Hay un punto final que no es menor. El proceso que está por inaugurarse va a involucrar principalmente a los partidos políticos, quienes presumiblemente se van a abocar al tema electoral, que es el que, lógicamente, más los atañe. El éxito de este proceso sin duda reduciría las tensiones políticas que hemos vivido y crearía un ambiente mucho más sano para el desarrollo del país, descalificando toda opción política fuera de la legalidad y de las instituciones establecidas. Subsiste el riesgo, sin embargo, de que acabemos con que lo único importante para la democracia es lo electoral, por importante que esto sea. Como diría Clausewitz, hay temas demasiado importantes para la democracia, como la libertad de expresión, los equilibrios de poderes, la legalidad, las garantías individuales, la protección de los derechos de las personas, etcétera, como para dejárselas a los demócratas. Es imperativo asegurar que estos temas se conviertan en parte intrínseca del proceso.

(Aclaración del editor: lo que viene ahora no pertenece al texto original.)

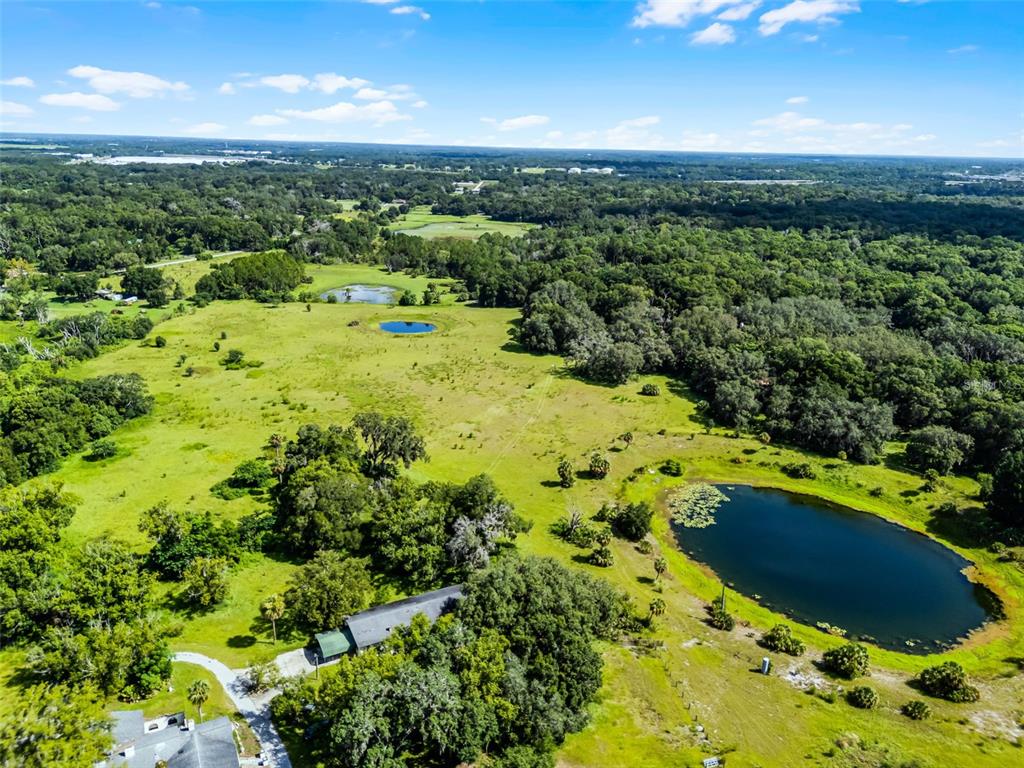 An aerial view shows a rural property with a house, several ponds, and dense forest — 7625 CLARCONA OCOEE ROAD, ORLANDO, FL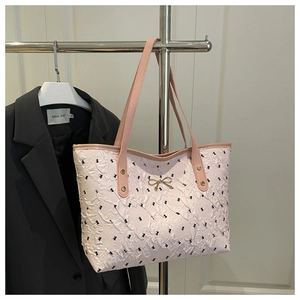 Détail du sac cabas plissé rose avec imprimé nœuds et boucle dorée en forme de nœud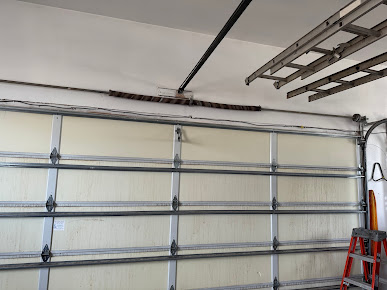 Inside a garage, a damaged sectional door with a bent top rail and a ladder on the right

Transformar un sistema político desde sus entrañas, como este esquema claramente pretende, no es un asunto menor. Se trata de la remoción de estructuras, intereses, instituciones y grupos de poder, en aras de la construcción de un sistema político fundamentado en leyes e instituciones, que le dé permanencia y viablidad a la economía, a la sociedad y, por lo tanto, al país. Muchos de los beneficiarios del viejo orden, sin embargo, no van a aceptar los objetivos ni los medios diseñados para alcanzarlos. Los riesgos que implica este proceso son, por estas razones, mayúsculos, y no pueden ser despreciados. La labor gubernamental va a ser fundamental, sobre todo porque consistirá, paradójicamente, en desmantelar mucho de lo que lo hacía excepcionalmente fuerte. Con todo, difícil sería encontrar un mejor principio para la transformación política que tanto urge al país.